Comprehensive data protection for all workloads
Post Reply
manofbronze
Service Provider
Posts: 29
Liked: 3 times
Joined: Jul 15, 2015 2:13 pm
Contact:

Replication Jobs Failing With Connection Errors - 02023509

Post by manofbronze »

We have been running about a dozen replication jobs over a high speed WAN connection for the past 3 months. Until last week these jobs ran without a hitch.
Last week we started seeing numerous retries on the jobs, with several resulting in complete failures. A review of the logs indicates the jobs fail due to a connection error with the vCenter Server.

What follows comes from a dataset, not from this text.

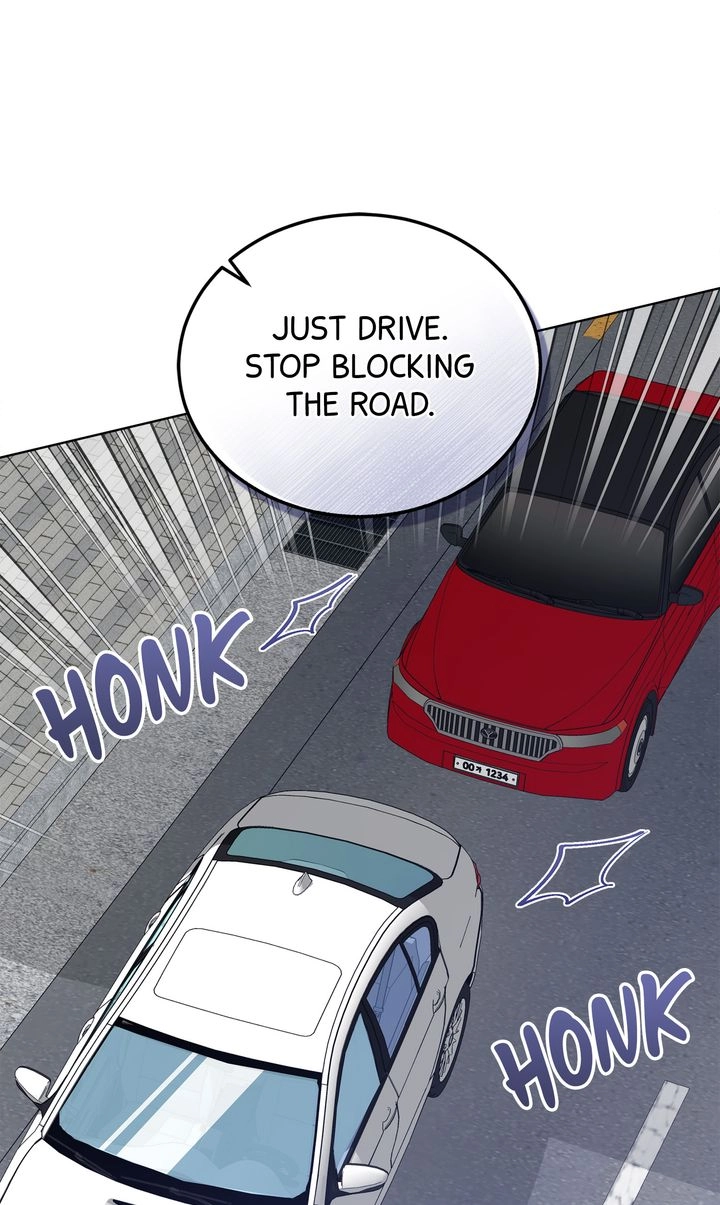 Baby, Light My Fire Chapter 40 page 62 - 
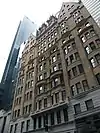 ホテル・ジェラルド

Sample of error: 12/30/2016 10:23:33 AM :: Processing DBnode2 Error: A connection attempt failed because the connected party did not properly respond after a period of time, or established connection failed because connected host has failed to respond 10.0.100.24:443

What is odd, is that the jobs actually do connect to the vCenter Server and often stay connected for an extended period of time and even process data (I have watched the activities on both the Veeam backup server and the target vSphere environment). Some jobs get to almost 100% complete during disk processing before failing. Even more perplexing is that all jobs contain multiple virtual machines and some of the machines within a job will fail while others will succeed. The issue is getting progressively worse, with more an more jobs failing completely. :|

I have ticket # 02023509 open with Veeam. They are pointing to the vCenter Server as the culprit and so I have checked the vCenter logs, general health and even rebooted it a few times ... no luck. They also are suggesting network instability; however, we are not having any issues with the 20 or so backup copy jobs we also process across this same WAN to the same target vSphere environment using the same vCenter Server.

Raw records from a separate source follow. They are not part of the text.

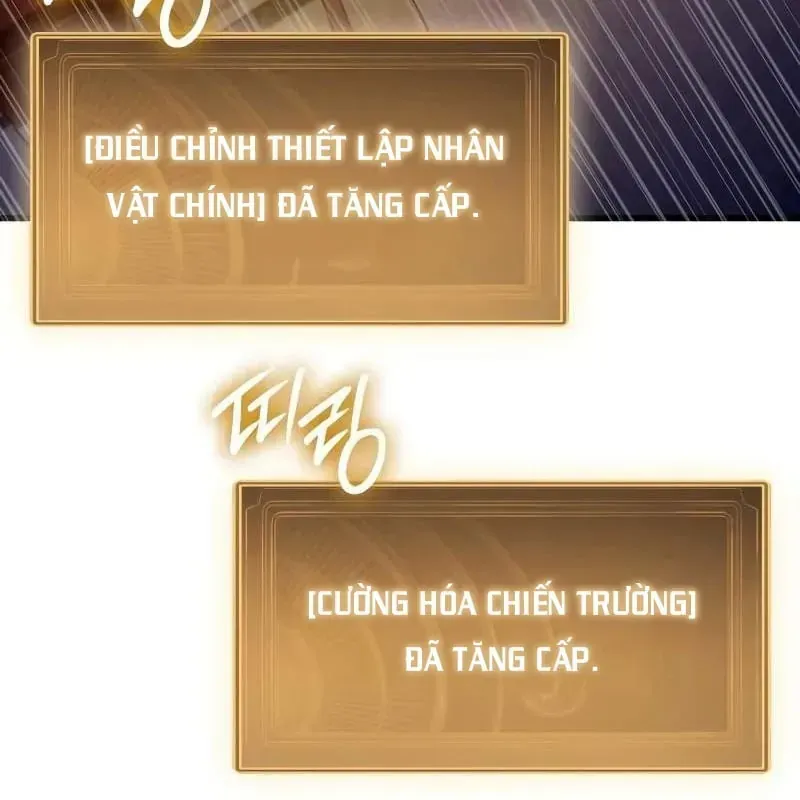Kẻ Phá Vỡ Chapter 71 - Trang 5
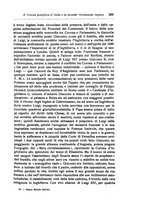 giornale/RAV0028773/1939/unico/00000315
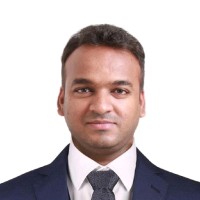 Kanak Mangal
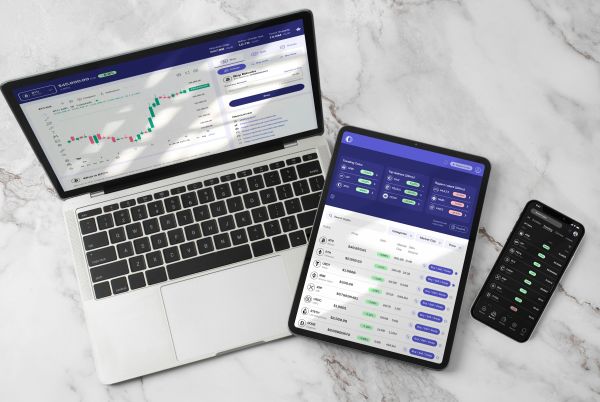 Comment fonctionne le système de cashback?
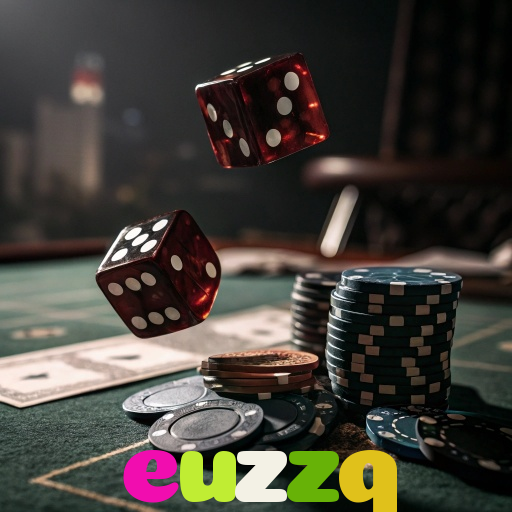 A Magia dos Jogos de Fantasia na euzzq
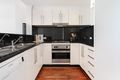 Property photo of 103/23 Norton Street Leichhardt NSW 2040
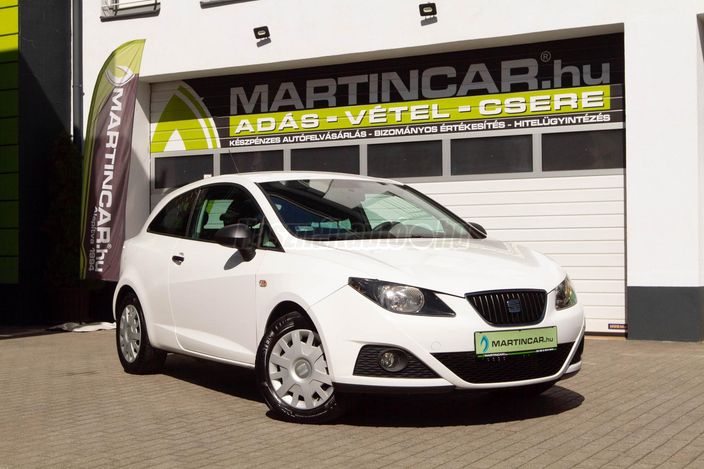 www.martincar.hu további 81 db Extra HD fénykép az IBIZA minden apró részletéről !!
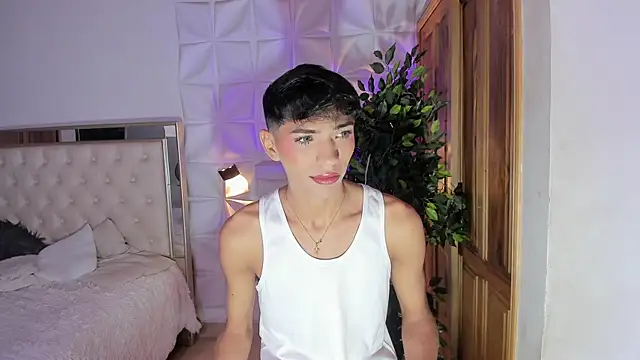 im sebaslopez online show from 11-20-25, 11:44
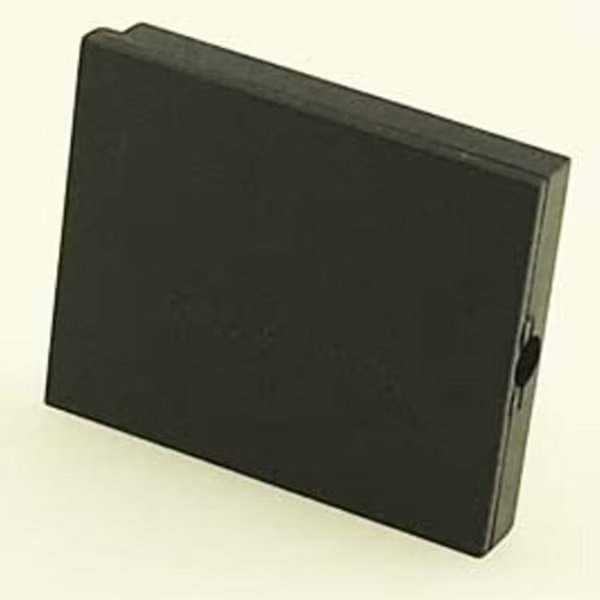 Replacement for Canon Powershot Sd980 DC Coupler, Ilc, Mfr#: POWERSHOT SD980  DC COUPLER CANON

There have been no changes made to the target vSphere environment and/or vcenter server in over a year. We are running vSphere 6.0 in the target environment and 5.5 u3d in the production environment. The only change that has been made in the past (3) months has been an upgrade from Veeam Availability Suite v9.0 Ent plus to v9.5

Anyone have any ideas or experiencing this same problem?
Dima P.
Product Manager
Posts: 14716
Liked: 1703 times
Joined: Feb 04, 2013 2:07 pm
Full Name: Dmitry Popov
Location: Prague
Contact:

Re: Replication Jobs Failing With Connection Errors - 020235

Post by Dima P. » 1 person likes this post

Hi manofbronze,

Try to create a new replication job for a VM that’s constantly fails to replicate with this error and check the result of this new job. Let us know how it goes.
Andreas Neufert
VP, Product Management
Posts: 7076
Liked: 1510 times
Joined: May 04, 2011 8:36 am
Full Name: Andreas Neufert
Location: Germany
Contact:

Re: Replication Jobs Failing With Connection Errors - 020235

Post by Andreas Neufert » 1 person likes this post

I saw that the case was already escalated within our support system.
In the past when such errors occurred, the usage of Network/NBD mode helped till the real cause was detected. Is your vCenter environment under heavy load (SOAP connection errors)?
foggy
Veeam Software
Posts: 21138
Liked: 2141 times
Joined: Jul 11, 2011 10:22 am
Full Name: Alexander Fogelson
Contact:

Re: Replication Jobs Failing With Connection Errors - 020235

Post by foggy » 1 person likes this post

I'd also try to limit the number of concurrently running jobs and see whether reducing the load on virtual environment help to avoid this issue.
manofbronze
Service Provider
Posts: 29
Liked: 3 times
Joined: Jul 15, 2015 2:13 pm
Contact:

Re: Replication Jobs Failing With Connection Errors - 020235

Post by manofbronze »

After numerous network "tweaks", a job recreation, vcenter server resets, vcenter server resource review, etc... no luck. Despite all performance counters showing healthy inside and outside the backup Server VM, in a fit of frustration I powered the darn thing off, gave it a 'rest" and powered it back on.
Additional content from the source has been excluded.